─── Given data ───
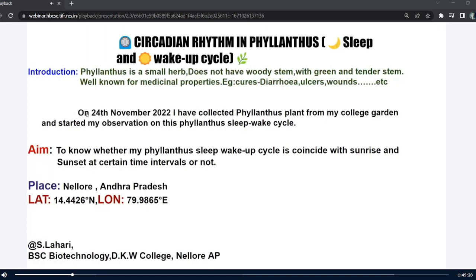I started my observation about the sleep-wake cycle of this plant. My main aim is to know whether the Philanthus sleep-wake cycle coincides with sunrise and sunset time at certain time intervals or not.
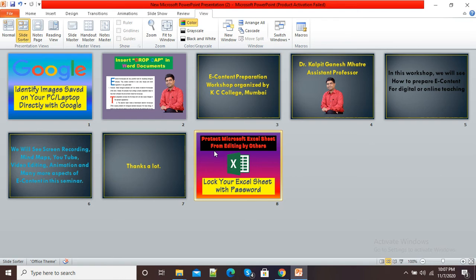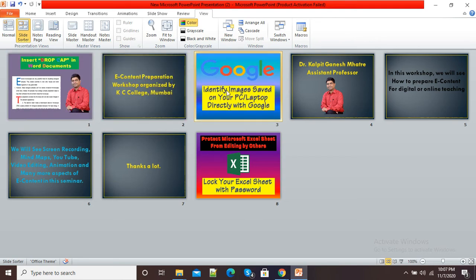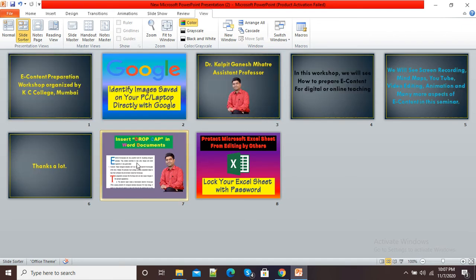Now suppose I want this Google slide to be shifted to the third position — I will simply click and drag it. Suppose I want this first slide to be shifted onto another slide. You can see my slides are changing their position.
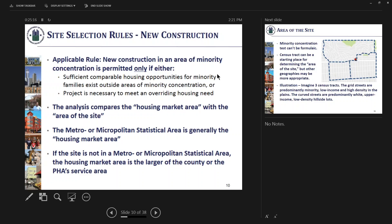That analysis looks at the area of the site and compares it to the housing market area, which is generally the metropolitan statistical area, or if you are in a smaller city, the micropolitan statistical area. If the property is not in either a metro or micropolitan statistical area, the housing market is the county or the PHA service area, whichever is larger. Those standards are longstanding. The comparison of that is the area of the site, and the courts have been clear that this can't be a formulaic analysis based solely on the census tract — the census tract can be a starting place, but other geographies may be more appropriate.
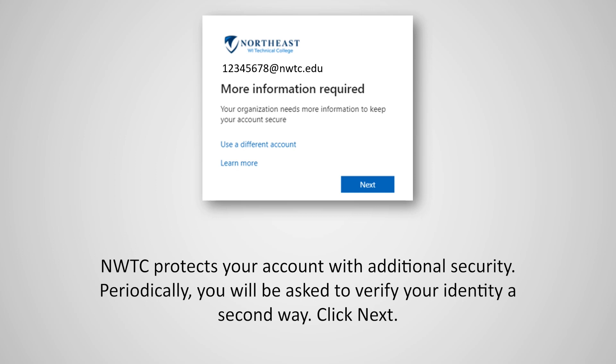NWTC protects your account with additional security. Periodically, you will be asked to verify your identity a second way. Click Next.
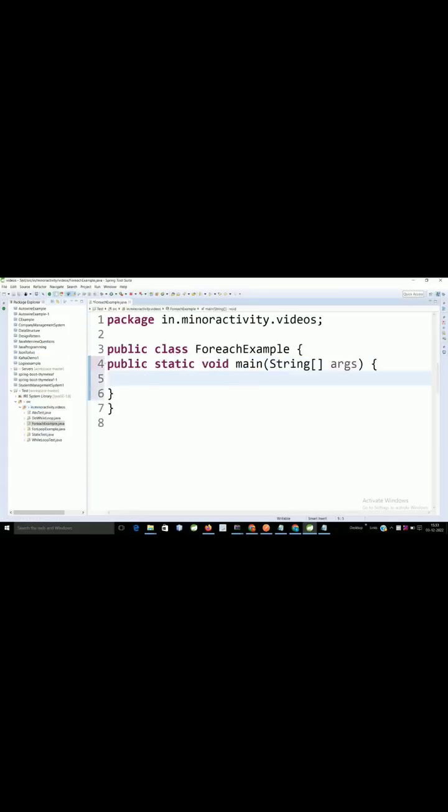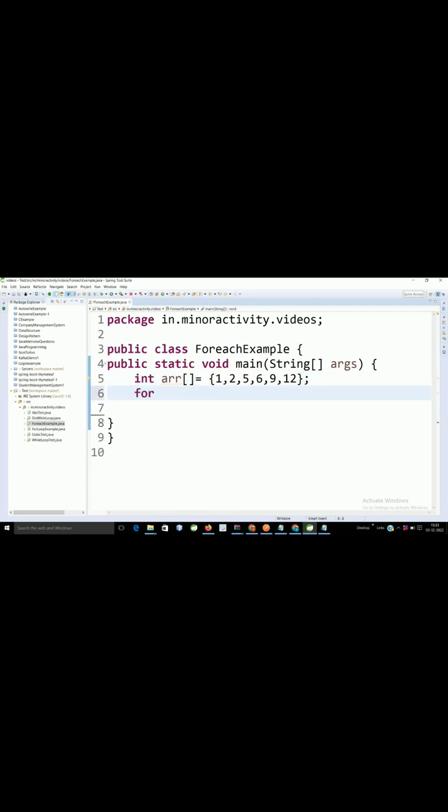Here I will create one array with these many values. How to write a for each loop? For each element, I want to iterate this loop similar to a for loop.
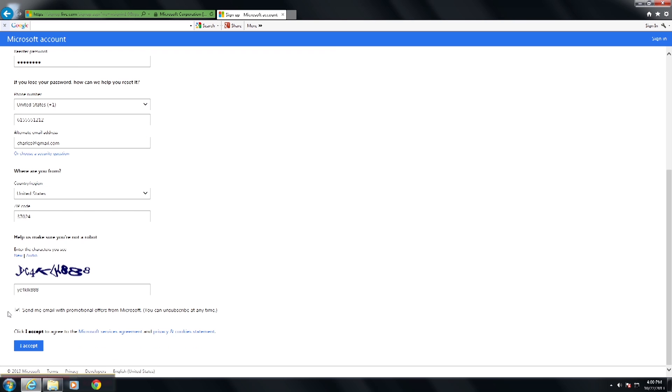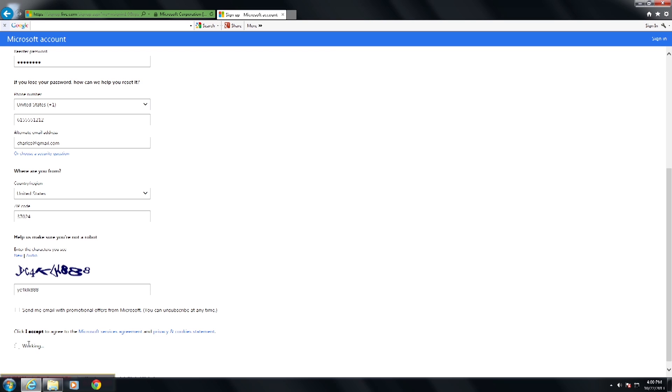You can tell it that you want Microsoft to send you an email on promotional items or you can take that check mark off and then click I accept.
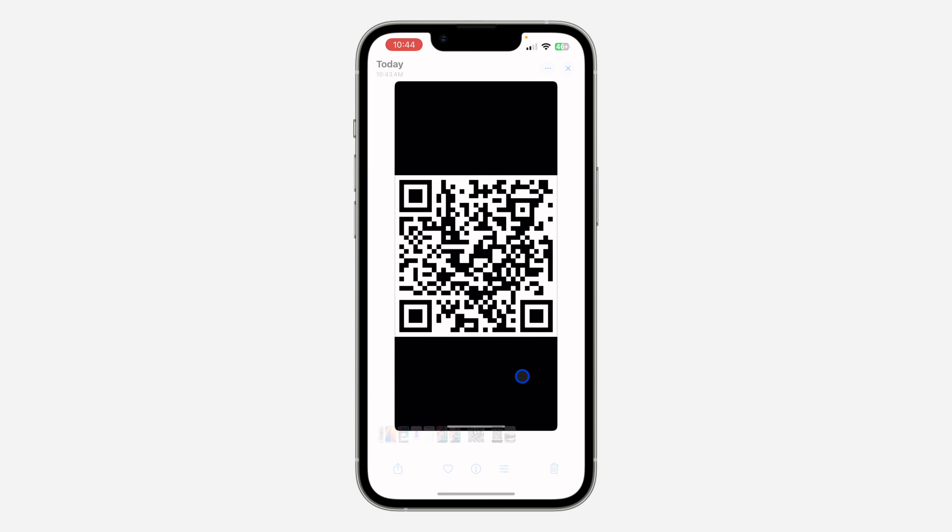Let's try it with another QR code — this is a Wi-Fi QR code. If you long-click on it, you're going to see the option to Join Network, so you can join the Wi-Fi network by clicking on Join Network.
───
### Exercise details:
Starting at the first line of the records and stopping after the line with "You can tell", copy each line exactly; pictures stay out.

### Solution below:
I started my observation about the sleep-wake cycle of this plant. My main aim is to know whether the Philanthus sleep-wake cycle coincides with sunrise and sunset time at certain time intervals or not.
Now suppose I want this Google slide to be shifted to the third position — I will simply click and drag it. Suppose I want this first slide to be shifted onto another slide. You can see my slides are changing their position.
That analysis looks at the area of the site and compares it to the housing market area, which is generally the metropolitan statistical area, or if you are in a smaller city, the micropolitan statistical area. If the property is not in either a metro or micropolitan statistical area, the housing market is the county or the PHA service area, whichever is larger. Those standards are longstanding. The comparison of that is the area of the site, and the courts have been clear that this can't be a formulaic analysis based solely on the census tract — the census tract can be a starting place, but other geographies may be more appropriate.
NWTC protects your account with additional security. Periodically, you will be asked to verify your identity a second way. Click Next.
Here I will create one array with these many values. How to write a for each loop? For each element, I want to iterate this loop similar to a for loop.
You can tell it that you want Microsoft to send you an email on promotional items or you can take that check mark off and then click I accept.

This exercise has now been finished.